Franck Pachot YugabyteDB • Jul 20 '22

That's a great question. Everything you do on production, especially on Friday, has a risk- But not fixing a performance problem is also a risk 😉
About strace:

it can slow the process but you run it for a short time, and when you have a problem anyway
the risk to crash the process is low in recent Linux kernels
run it in a prepod environment before, even if you don't reproduce he problem there, at least you see if strace hurts
if you attach to a session backend, the risk is limited to one connection. I would not attach strace PostgreSQL logger or checkpointer in production without good reason
in YugabyteDB even if you crash a server, the application is still available. If you drain tablets (by blacklisting the node) and connections from one node (that you may add for this purpose) you can still strace what happens in YSQL without impacting the others

it is 'Do At Your Own Risk' in an Oracle production. Does it carry the 'same level' of risk

I've used a lot strace on Oracle productions (but not with old linux kernels - there were some bugs). Same remark about the user process vs lgwr or dbwr. And only when I cannot reproduce on another environment and when safer troubleshooting methods are not enough.

@fritshoogland may comment on this as well

Frits Hoogland • Jul 20 '22

I agree with @franckpachot's comments.

A view from my perspective is the following:

The strace utility on linux uses the ptrace facility on linux. You can read the link if you are interested in more details. My experience too is that in general, in situations where there's no excessive usage of any kind on the system it is used, strace does not cause kernel issues.

However, the influence of ptrace on the process or thread from the perspective is significant from a performance perspective.
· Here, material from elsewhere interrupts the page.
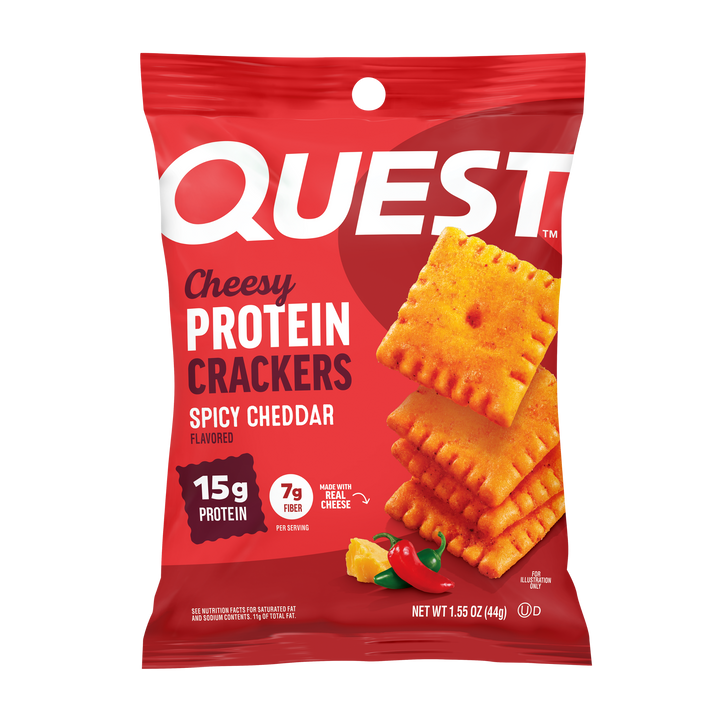 Quest Cheese Crackers (15g protein)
In other words: the process or thread that is accessed via ptrace using strace in most cases has its performance been significantly reduced, because ptrace is controlling execution, and yields execution in order to serve the strace-ing process alias the controlling process data.

When the strace utility is terminated, the ptrace connection is stopped, and the process or thread that was attached to is back to normal execution.

Please mind the wording 'does not cause kernel issues'. If the way a process or thread is changed such as with ptrace, this may cause issues in for the executable that is relying on certain behaviour or timing for this process or thread, which the ptrace control might have an influence on, and thus could cause issues in user space.

This is the reason that people say 'use at your own risk in oracle production': especially if you attach to critical oracle background processes, the change in behaviour might cause issues, and especially if you attach to processes such as the log writer or the database writer for investigating issues of slow IO, this has a high potential to exaggerate the issue, whilst you might think you are just observing.

In this sense using strace with postgres or YugabyteDB is not different, in the sense that is significantly reduces processing speed of the thread or process strace attached to. The difference between using strace with YugabyteDB and Oracle and PostgreSQL is that with YugabyteDB the storage layer is distributed with redundancy, so as Franck pointed out: so if you want to be extremely safe, you can create a tablet server node for the purpose of strace-ing a process or thread only.